>>>

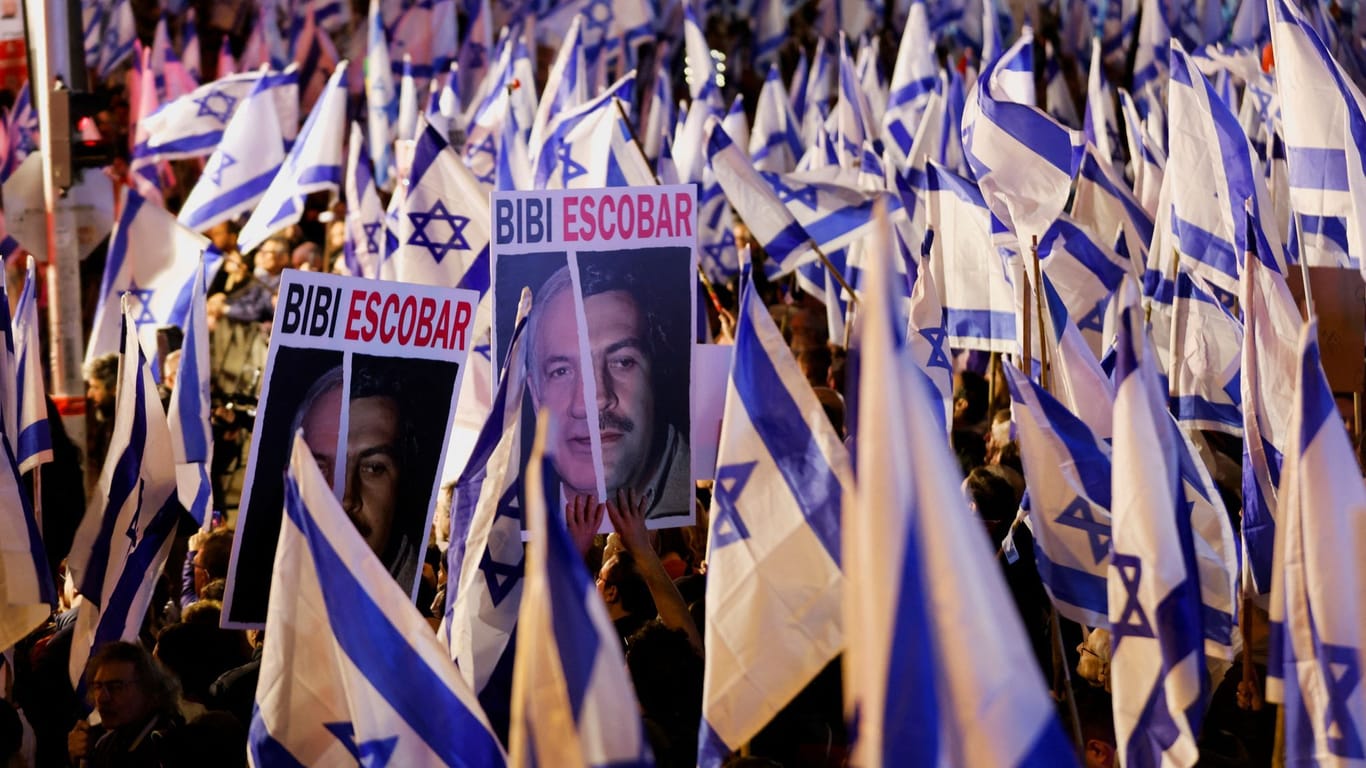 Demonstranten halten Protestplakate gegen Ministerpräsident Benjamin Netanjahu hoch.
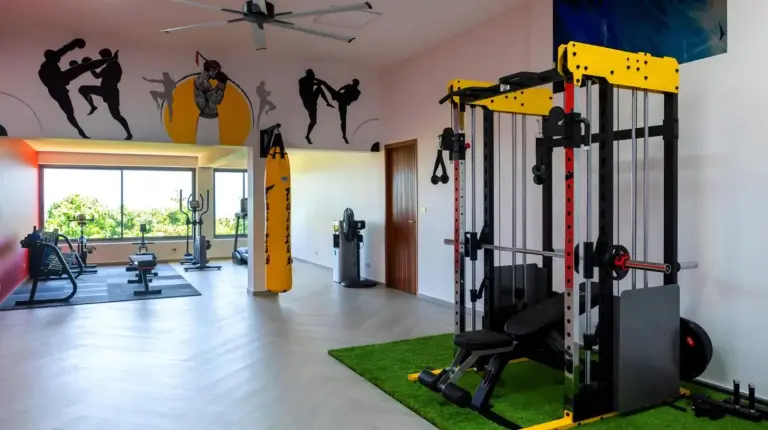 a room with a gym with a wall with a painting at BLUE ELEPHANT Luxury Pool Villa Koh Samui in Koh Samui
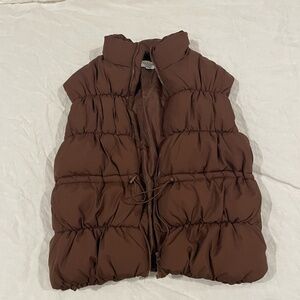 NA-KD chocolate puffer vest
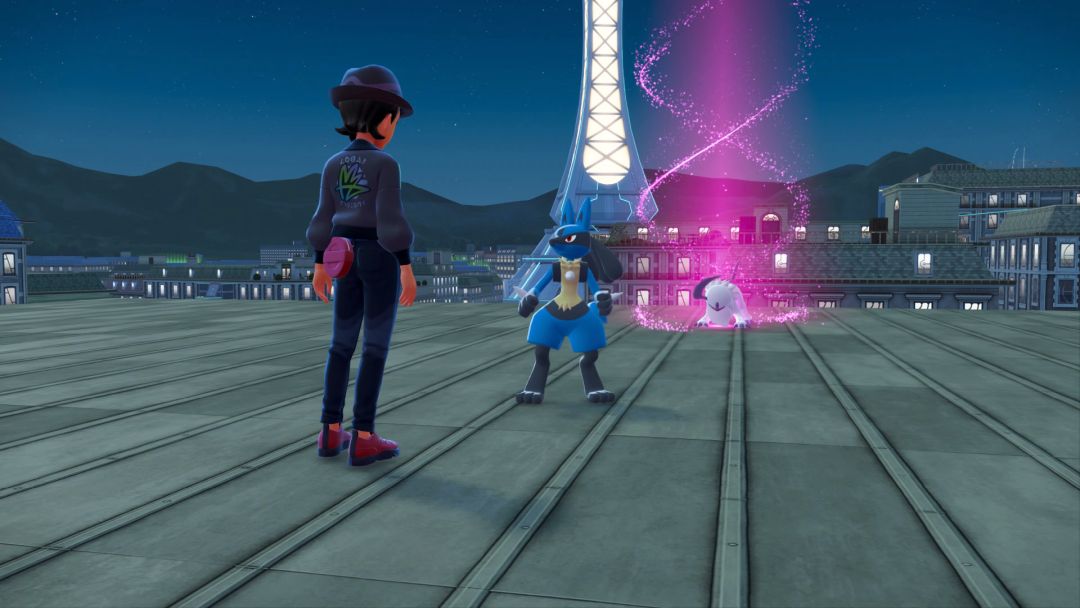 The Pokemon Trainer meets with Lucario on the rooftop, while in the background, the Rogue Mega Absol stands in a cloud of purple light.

<<<
>>>

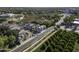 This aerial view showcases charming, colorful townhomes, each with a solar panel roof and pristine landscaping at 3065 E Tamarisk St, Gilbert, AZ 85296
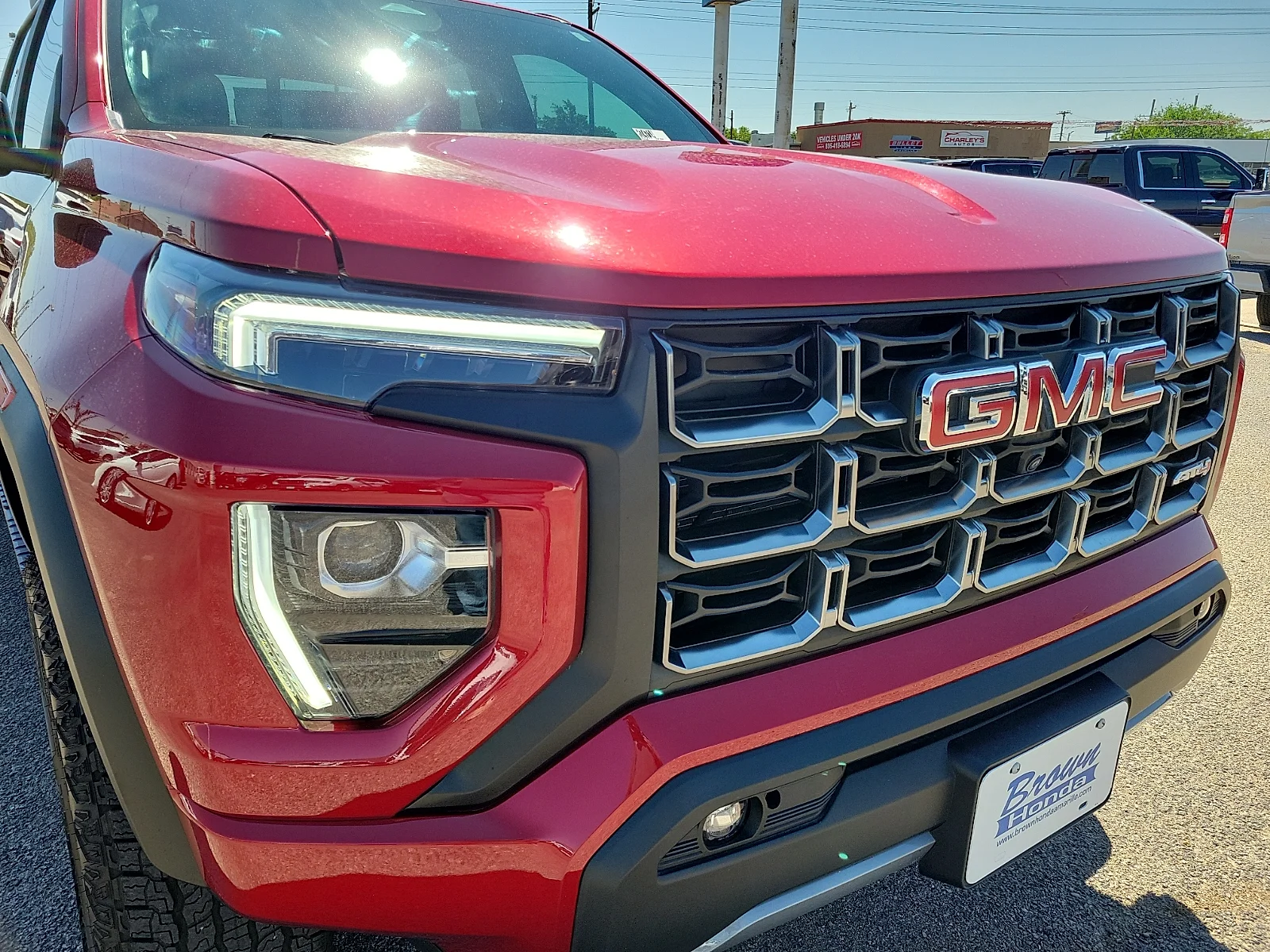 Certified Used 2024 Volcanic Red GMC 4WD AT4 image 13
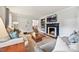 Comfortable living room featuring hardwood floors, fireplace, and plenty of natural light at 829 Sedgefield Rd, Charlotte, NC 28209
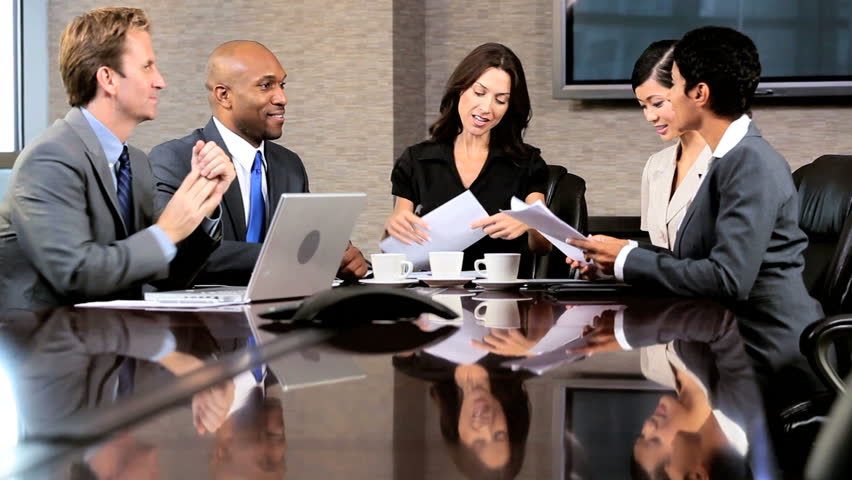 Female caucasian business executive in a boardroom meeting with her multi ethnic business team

<<<

Your goal
Write out exactly the run of lines above that starts at the line containing "Certified Used 2024" and ends at the line containing "Female caucasian business". Include both, and leave the pictures out.

Written solution
 Certified Used 2024 Volcanic Red GMC 4WD AT4 image 13
 Comfortable living room featuring hardwood floors, fireplace, and plenty of natural light at 829 Sedgefield Rd, Charlotte, NC 28209
 Female caucasian business executive in a boardroom meeting with her multi ethnic business team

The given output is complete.